ENISA suggests supply chain attacks should be broken down by considering first the attack against the supplier and how that is achieved and then the attack against the customer and how that is perpetrated. This is shown below in the table:
How the supply chain is compromised
Supplier assets targeted
Techniques used to compromise the customer
Customer assets targeted
|Malware infection [T1587]||Pre-existing software||Trusted Relationship [T1199]||Data|
|Social Engineering||Software Libraries||Drive-by Compromise [T1189]||Personal Data|
|Brute Force attack [T1110]||Code [T1195.2]||Phishing [T1566]||Intellectual Property|
|Exploiting software vulnerability||Configurations||Malware Infection||Software|
|Exploiting Configuration Vulnerability||Data||Physical Attack or Modification||Processes|
|Open Source Intelligence (OSINT)||Processes||Counterfeiting||Bandwidth|
The Lifecycle of a Supply Chain Attack
Supply Chain Attacks, by their very nature, are some of the most sophisticated and well-planned of all cyber-attacks. They often take place over a long period of time as the criminals identify the supplier they need to compromise and then gain some form of persistent access before leveraging that access to target the end customer. Because the attackers benefit from the trust given by the victim to their supplier, supply chain attacks can be extremely effective if a highly trusted supplier is compromised. This was seen in the attack which used SolarWinds software as an attack vector against their clients.
A supply chain attack has two phases, first the attack against the supply chain and secondly the attack against the ultimate target. The first phase may include the compromise of several organisations as the attackers work their way up the supply chain through each supplier’s supplier until the final supplier is reached who interfaces in some way with the ultimate target.
How to defend against supply chain attacks?
According to ENISA, many if not most supply chain attack are carried out by established APT groups who are often nation state actors. This is not surprising given the planning and logistical complexity of these attacks. And so, for organisations not running hospitals or nuclear power stations, it may be tempting to think that they will never be on the target list of a Russian APT group. However true that may be – the risk is greater than you might expect- for two reasons. Firstly, you may be part of the supply chain for a high-risk target without being aware and so may still be targeted. Secondly, you could simply be collateral damage. There are many organisations that use SolarWinds Orion that were not targeted by the APT group focussed on government and military targets, for example. However, once news of the attack broke, many other criminals attempted to use the SolarWinds vulnerabilities to attack their other customers in a gold-rush of cybercrime before SolarWinds was able to roll out security patches to shut down the vulnerabilities.
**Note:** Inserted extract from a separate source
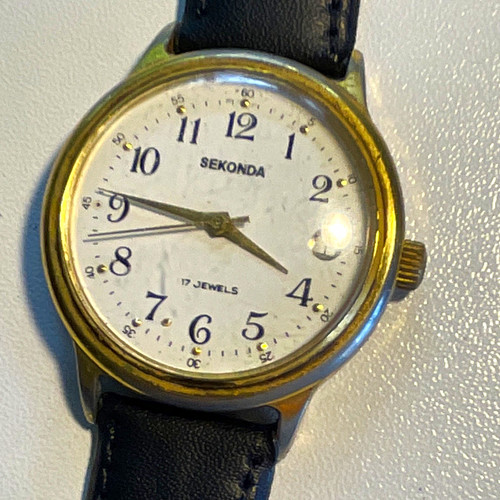 Vintage sekonda 17jewel - sekonda,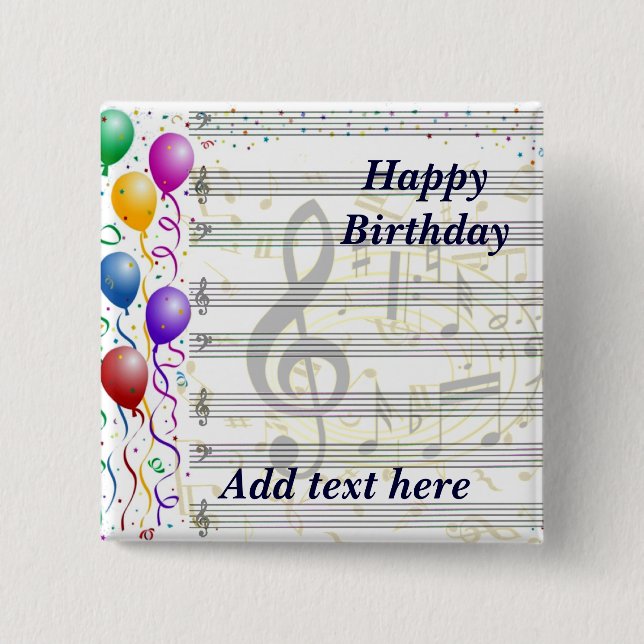 Chapa Cuadrada Feliz cumpleaños__ (Anverso)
The interconnected nature of today’s global markets are leveraged to perform supply chain attacks. Because many customers rely on the same supplier, an attack against one suppler has a multiplier effect as it can be used to access several of their customers. Paradoxically, the better protected organisations become, the more focus shifts to their supply chain in order to try to find a weak link that can be exploited.
EINSA recommends several steps you can take to help mitigate risks from your supply chain:
- Know who your suppliers are – document who they are and what products and services they provide
- Define a risk criteria for each supplier and service to help you focus limited resources on the biggest risks (eg. A single point of failure or the trust given to the supplier’s product within your network)
- Use your business continuity impact assessment to help assess the criticality of a supplier or service
- Brief and train your team to be aware of supply chain risks
- Conduct due diligence assessments of suppliers to ensure their own cyber security practices are at least as robust as your own
- Define the security requirements for products and services clearly and monitor for compliance
- Follow Cyber Supply Chain Risk Management principles for all technology suppliers
- Ensure all supplier provided software patches are promptly applied
- Adopt zero-trust security models to limit the impact of a compromised third party software in your network.